DATA TO USE Block Start

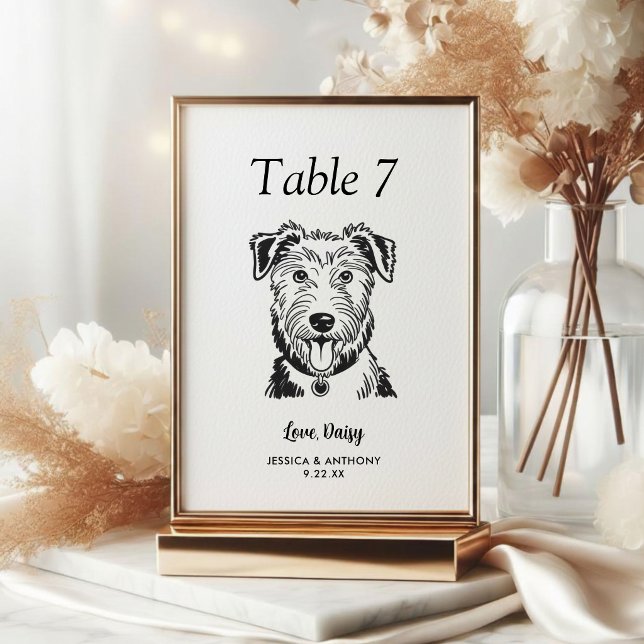 Simple Black and White Dog Wedding  Table Number (Creator Uploaded)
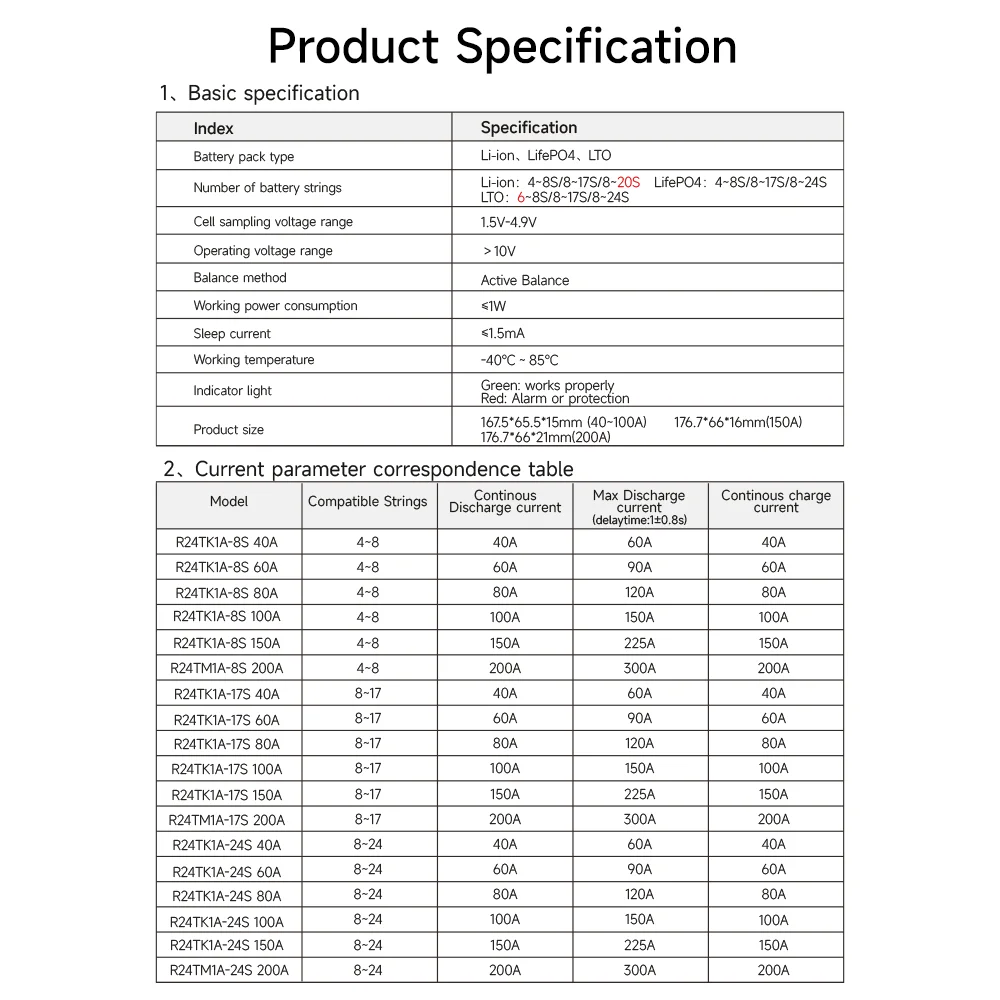 Dlay 100 BALANCE BMS 4-8S 8-24s 8-17S 200A Smart Active Balance BT RS485 CAN WIFI 4.3 LCD Lifepo4 Li-Ion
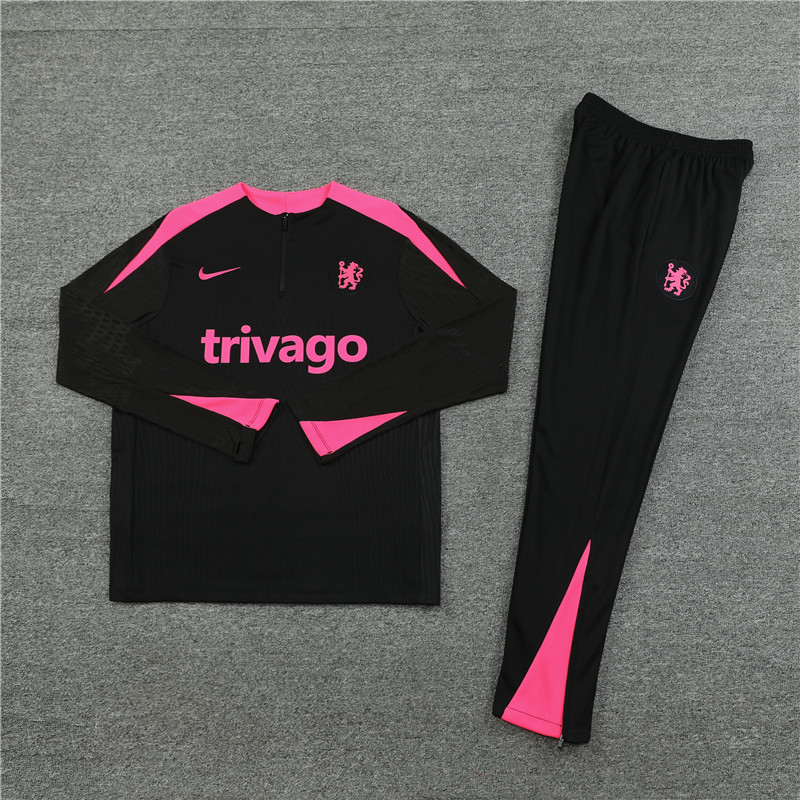 005-318 player version 24-25 Chelsea black with pink half zipper training tracksuit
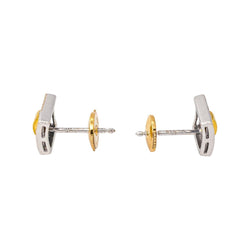 Boucles d'oreilles Puces en or blanc, or jaune et diamants - Castafiore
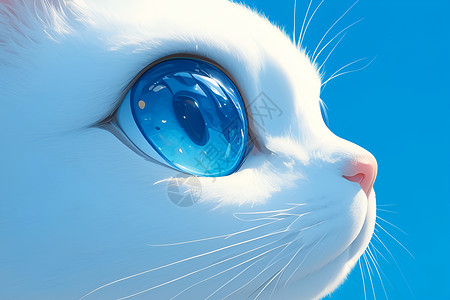 蓝眼小白猫蓝眼白猫仰望蓝天插画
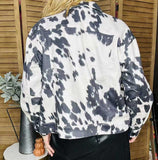Cow printed suede long sleeve short style women jacket XCH16403(BS3)/BS5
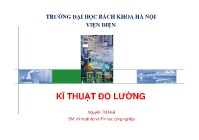 Bài giảng Kĩ thuật đo lường - Phần 2: Các phần tử chức năng của thiết bị đo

DATA TO USE Block End

[PROBLEM DETAILS]
Leaving all pictures aside, print exactly the lines from the one that contains "Dlay 100 BALANCE" through the last line of the data above, inclusive.

[RESPONSE FOR THIS EXERCISE]
 Dlay 100 BALANCE BMS 4-8S 8-24s 8-17S 200A Smart Active Balance BT RS485 CAN WIFI 4.3 LCD Lifepo4 Li-Ion
 005-318 player version 24-25 Chelsea black with pink half zipper training tracksuit
 Boucles d'oreilles Puces en or blanc, or jaune et diamants - Castafiore
 蓝眼小白猫蓝眼白猫仰望蓝天插画
Cow printed suede long sleeve short style women jacket XCH16403(BS3)/BS5
 Bài giảng Kĩ thuật đo lường - Phần 2: Các phần tử chức năng của thiết bị đo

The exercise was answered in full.